> _Assigned task_
From the first line to the last, print the material exactly, skipping the pictures.

> _Dataset content_
▼
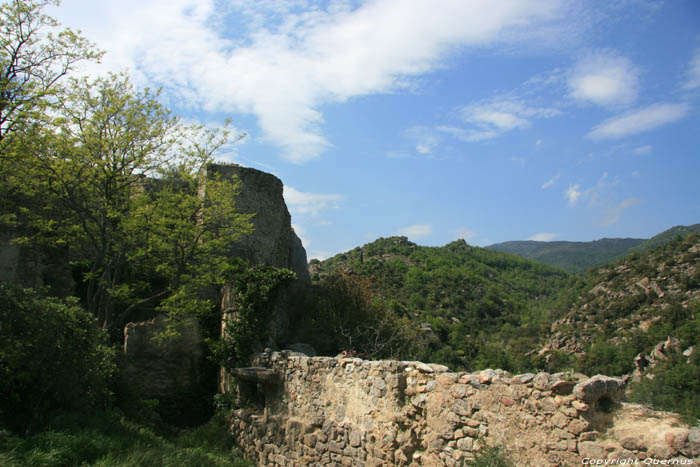 Restes du chteau Eus / FRANCE 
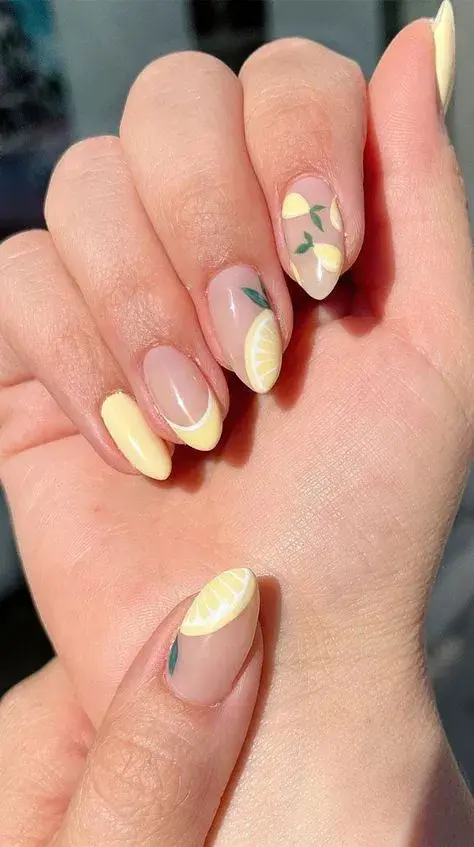 Un nail art ideal para uñas almendradas. Combina distintos diseños de limón, manicura francesa y esmaltado liso.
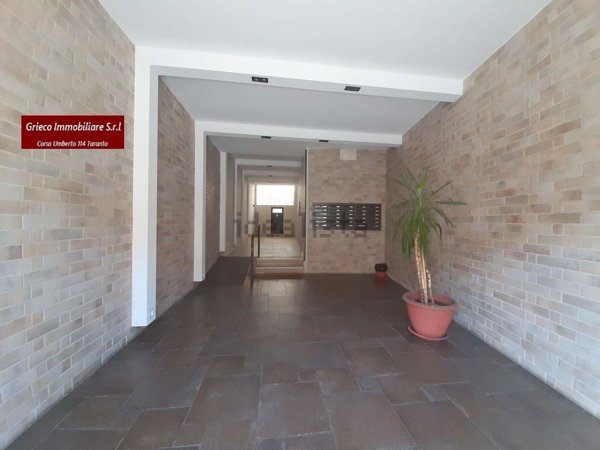 appartamento in vendita a Taranto in zona Tre Carrare-Battisti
▲
> _Output for this exercise_
 Restes du chteau Eus / FRANCE 
 Un nail art ideal para uñas almendradas. Combina distintos diseños de limón, manicura francesa y esmaltado liso.
 appartamento in vendita a Taranto in zona Tre Carrare-Battisti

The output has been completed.